Friday, August 3, 2007

Professor Griff seeks hip-hop defense


Professor Griff is looking for people who want to defend the hip-hop culture from destruction. He's recruiting allies in Montgomery on Saturday.

Griff, a member of the influential rap group Public Enemy, will hold a special lecture at Tania's Art Gallery, 2055 Carter Hill Road, at 5 p.m. entitled "The Psychology Covert War on Hip Hop."

The main focus of the discussion will deal with what Griff feels is the covert war against hip-hop. This includes some re-education on what Griff calls the four fundamentals of hip-hop: MCing, DJing, graffiti and breakdancing.
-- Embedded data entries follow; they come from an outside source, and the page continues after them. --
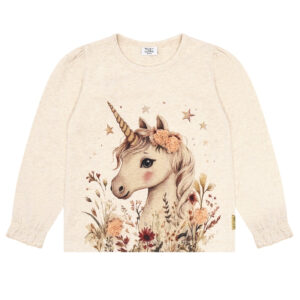 OrganicHCAlma bluse (3 år/98 cm) - Hust & Claire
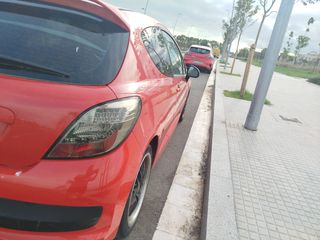 Peugeot 207 2008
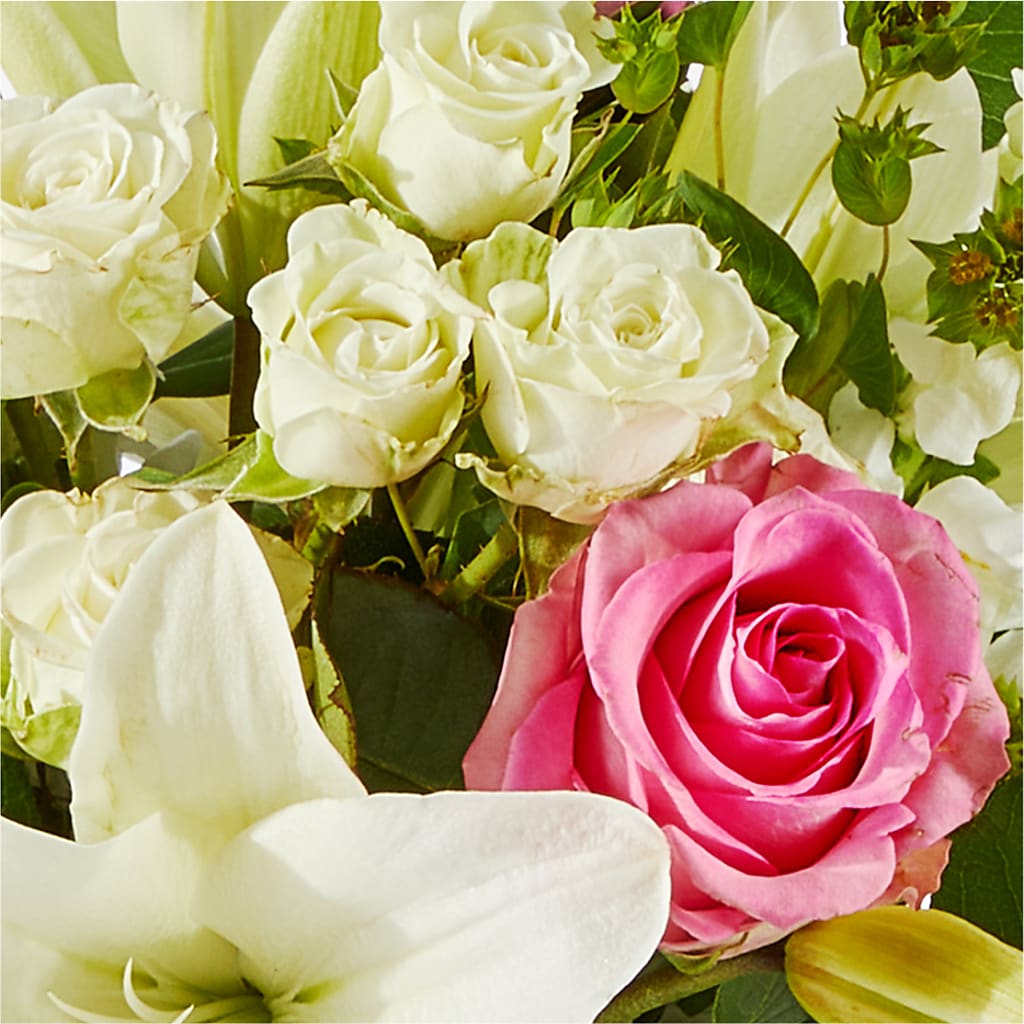 Fondly Bouquet –  Rambling Rose Florist, Dunedin FL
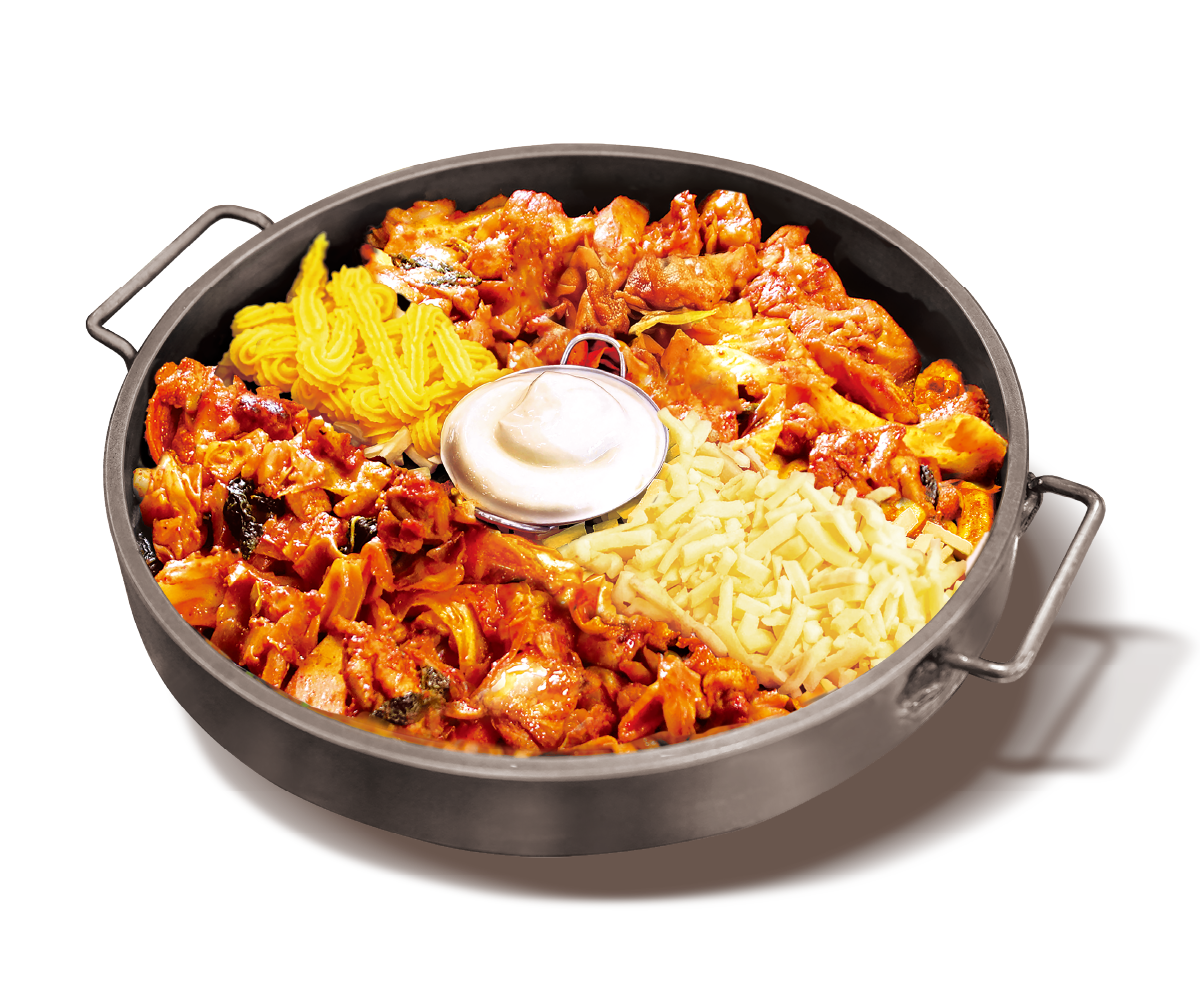 신세계닭갈비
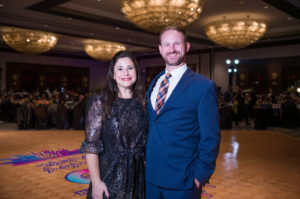 Rachel Feiertag, Jake Stafford photo by Daniel Ortiz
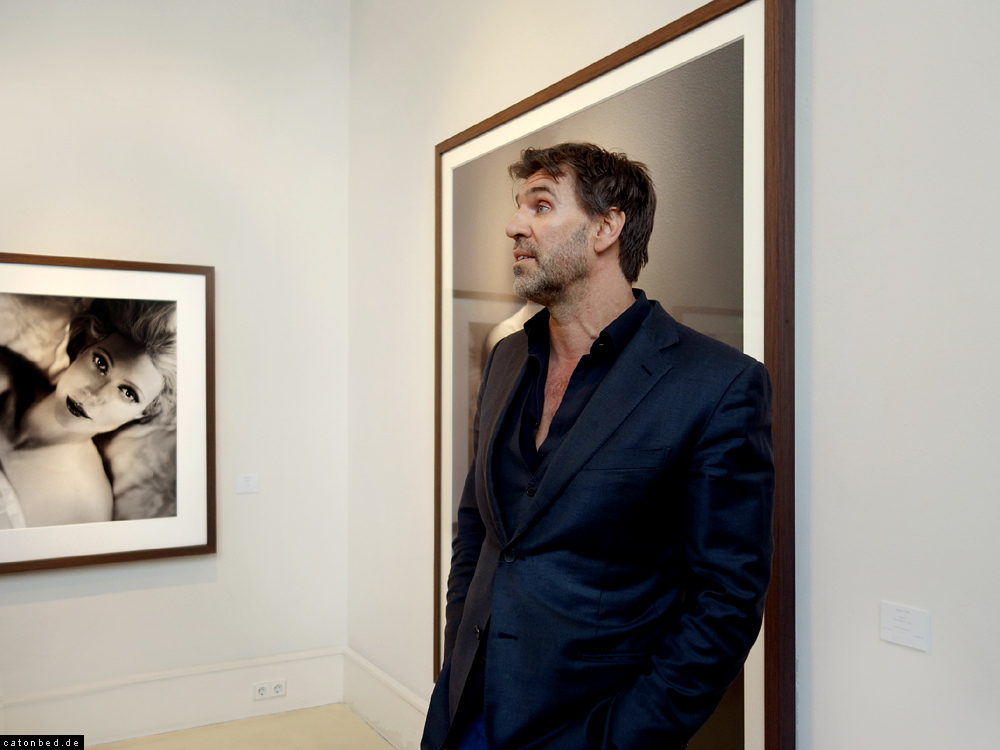 CAMERA WORK: Vincent Peters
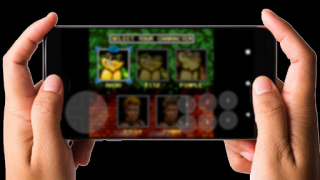 İndir Retro Oyun Emülatörü Arcade Android için Ekran görüntüsü 2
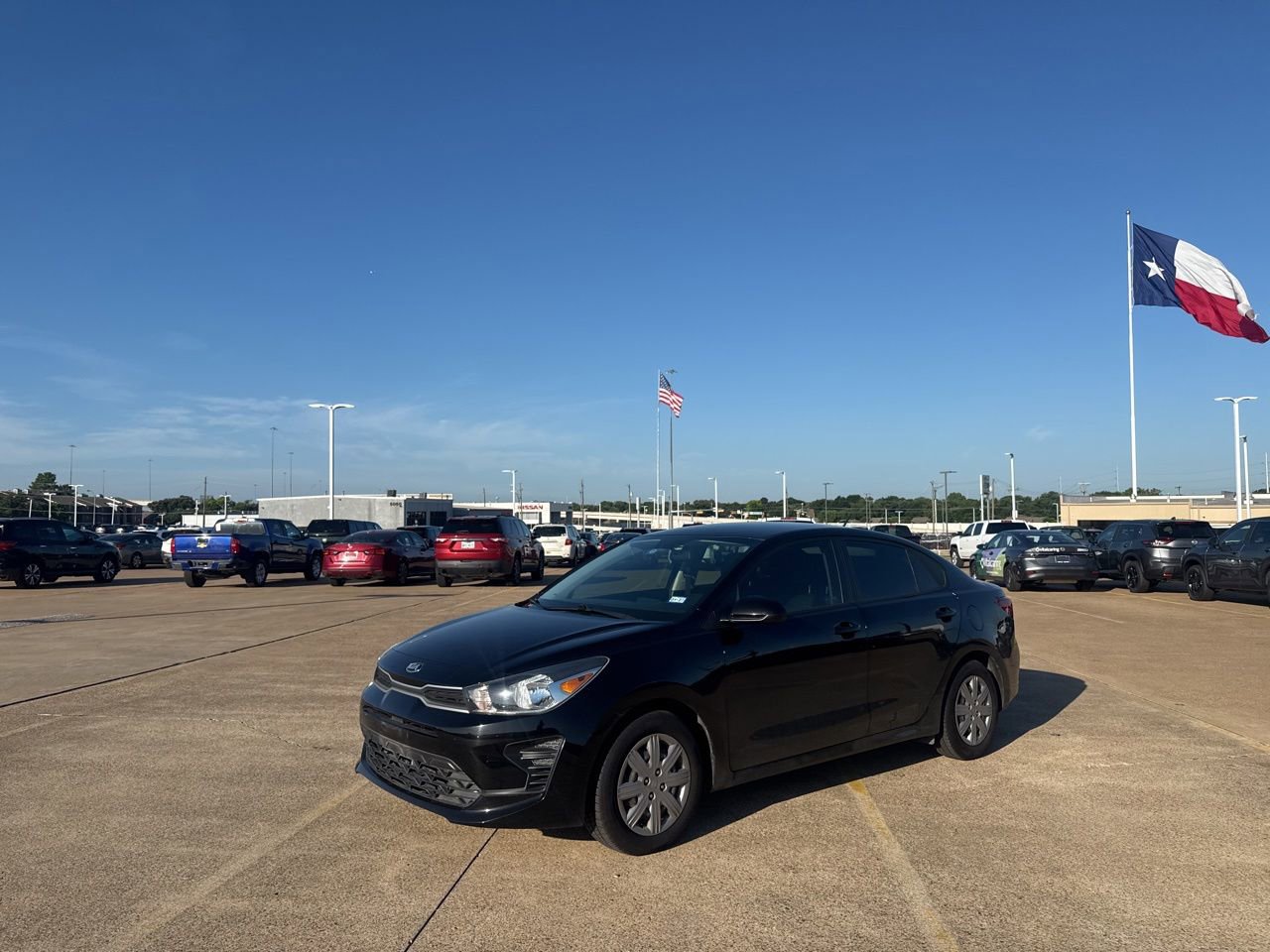 Used 2021 Kia Rio S FWD image 5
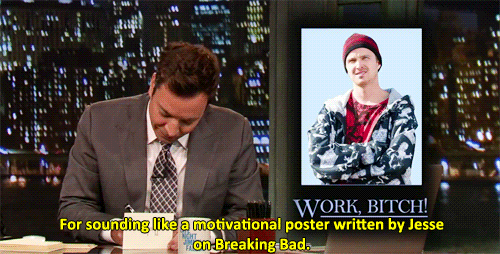 Films en series Breaking bad Gifs wenk walter white 
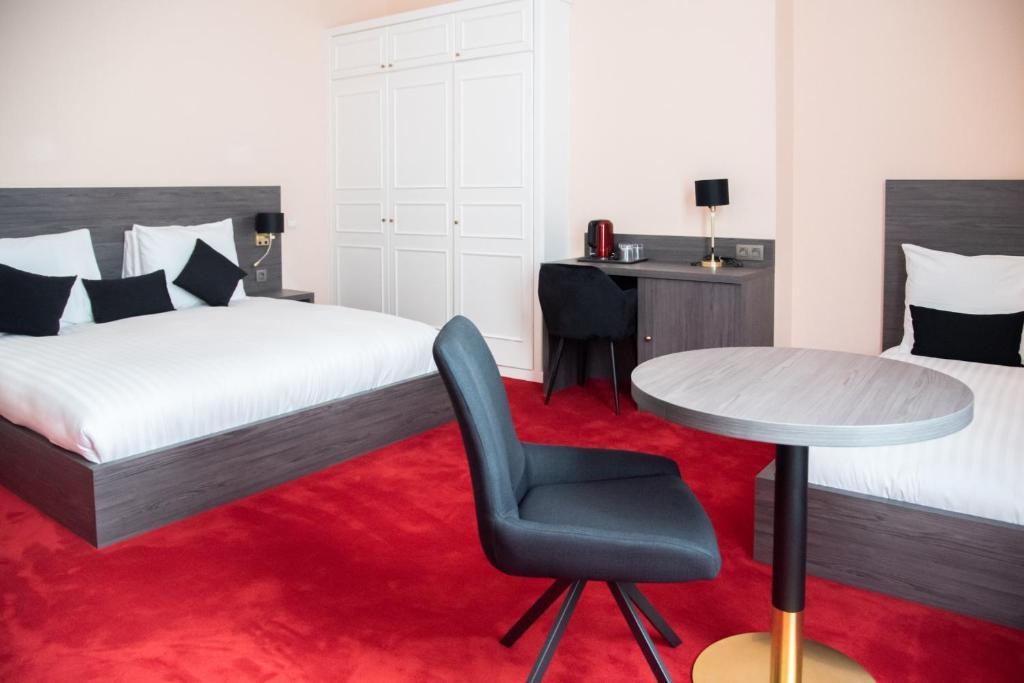 Hotel La Bourse 3*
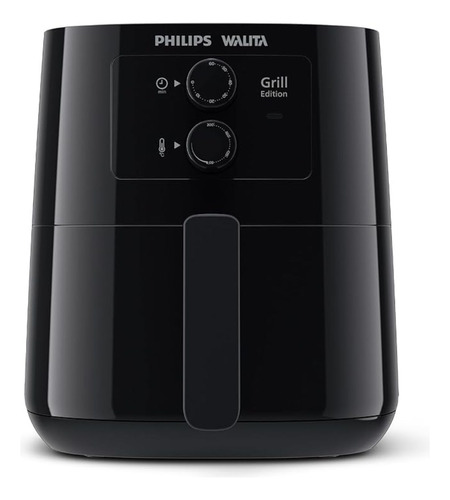 Fritadeira Airfryer Grill Edition Philips Walita Hd9202 220v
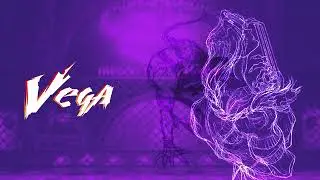 Super Street Fighter II Turbo - Vega Stage (CPS3 Remix)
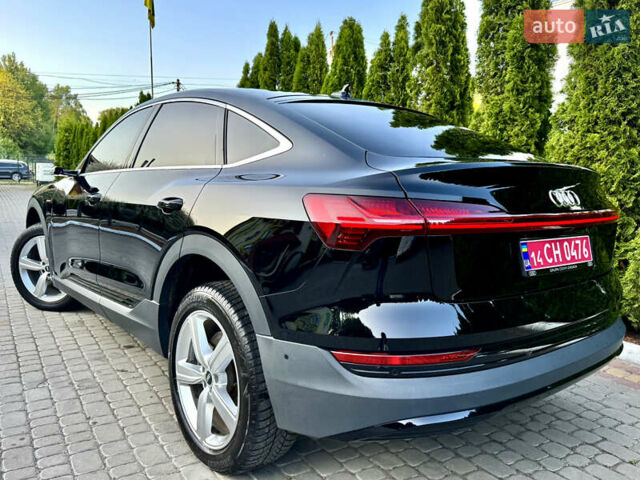 Черный Ауди E-Tron, объемом двигателя 0 л и пробегом 82 тыс. км за 37777 $, фото 37 на Automoto.ua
"I want the young people to learn it and the older people that didn't get it the first time to understand it," Griff said. "What we have today can't be considered hip-hop because those four elements don't exist."

Griff said there are a lot of changes in hip-hop since he and Public Enemy opened the consciousness of a nation with classics like "Fear of a Black Planet," "It Takes a Nation of Millions to Hold Us Back" and "Yo! Bum Rush the Show."

"The music is so pathetic, weak and meaningless now," he said. "It's bubble gum, disposable music that you dance to for a minute and forget two weeks later. It has no shelf life."

The lyrical content and messages are also a problem, Griff said.